Ending the 20-year-old war in Afghanistan was a popular campaign promise for President Joe Biden. Polls have shown for years that majorities of Democrats, Republicans, and independents were ready for the last troops to leave. But Biden was caught flat-footed when the Taliban quickly took over the country amid a chaotic withdrawal.
The administration and the Pentagon downplayed Taliban advances until Kabul fell. The evacuation of U.S. personnel seemed poorly planned. The fate of many interpreters and others who helped the war effort over the past two decades is unclear. The scenes of Afghans hanging off airplanes trying to flee the country gripped the public conscience.
Public polling supports the idea that infrastructure is being ignored as the chaos in Afghanistan unfolds. A national survey by Morning Consult found that 36% of voters had read, seen, or heard “a lot” about the Taliban takeover compared to just 27% who said the same about the Democrats’ reconciliation bill. The bipartisan infrastructure package did a little better at 34%. New York Gov. Andrew Cuomo’s resignation received even more attention, according to the poll.
Biden’s job approval rating hit its lowest point in his presidency so far in a Reuters/Ipsos poll. As the Afghanistan situation spiraled out of control, his approval went from a healthy 53% to 46%. One top Democratic data scientist predicted that if Biden was below 50% at the end of the year, “we’re probably f***ed” in the approaching midterm elections. Democrats are defending thin majorities in both houses of Congress.
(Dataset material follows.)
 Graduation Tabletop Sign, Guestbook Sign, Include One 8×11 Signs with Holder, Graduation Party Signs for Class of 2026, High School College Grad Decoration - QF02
It wasn’t supposed to be this way. Withdrawing from Afghanistan was intended in part to free up the resources and political capital to rebuild at home. The White House has tried valiantly to change the subject. Biden delivered a speech about COVID-19 booster shots from the White House and took no questions afterward. On Thursday morning, his press team blasted out a fact sheet on how the “Build Back Better” agenda would help small businesses.
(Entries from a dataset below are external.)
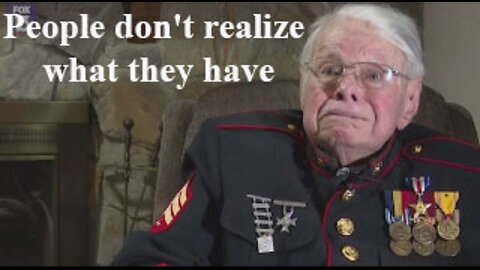 People don't realize what they have - Marine Sergeant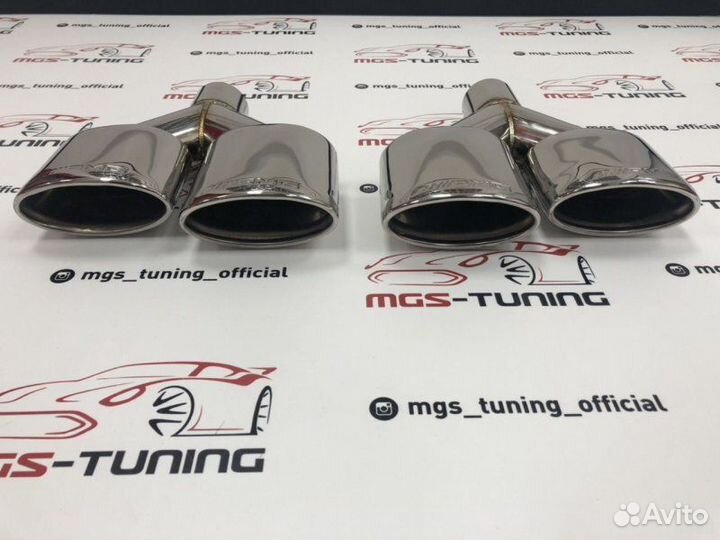 Насадки Mercedes 63 AMG овалы с центральны отводом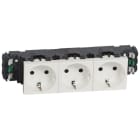 LEGRAND - Schuko-Steckdosen, 3-fach (6 Module), Farbe: weiß (RAL 9003)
“’Mess’ is a perfect description of this situation,” said Jim Dornan, a veteran Republican operative in Washington, D.C., who pointed out that former President Donald Trump, a possible contender for the White House again in 2024 in a rematch with Biden, wanted to do the same thing despite his efforts to distinguish his withdrawal plans from the exit now underway.
“We don’t have a complete picture of where every article of defense material has gone,” national security adviser Jake Sullivan admitted at a White House daily press briefing. “But certainly, a fair amount of it has fallen into the hands of the Taliban, and obviously, we don’t have a sense that they are going to readily hand it over to us at the airport.”
Biden will need to have troops find and destroy this equipment, said Jason Killmeyer, a counterterrorism and foreign policy expert, get Americans and allies out, and find a new way to project force into Afghanistan credibly if new threats emerge.
“I don’t think the capabilities of the Afghan government would have appreciably changed if we stayed longer,” Killmeyer said. “But we could have done more to fund our proxies and prevent a Taliban takeover and still completed what most Americans would have considered a withdrawal.”
Killmeyer added that we will now have to rely on the same president and military advisers who botched the withdrawal to oversee the new strategy of protecting against Afghan-originated terror threats from afar. “We have tried to manage this from the air before,” he said, pointing to the use of this approach throughout the 1990s.
Biden has nevertheless expressed confidence in his government’s ability to manage terror plots in this manner. “We’ve developed counterterrorism over-the-horizon capability that will allow us to keep our eyes firmly fixed on any direct threats to the United States in the region and to act quickly and decisively if needed,” he vowed in a speech in the East Room of the White House after cutting short his vacation to address the instability.
The president isn’t backing down in the face of a public backlash. “I know my decision will be criticized, but I would rather take all that criticism than pass this decision on to another president of the United States — yet another one — a fifth one,” Biden said. He later told ABC News’s George Stephanopoulos that “chaos” following withdrawal was inevitable.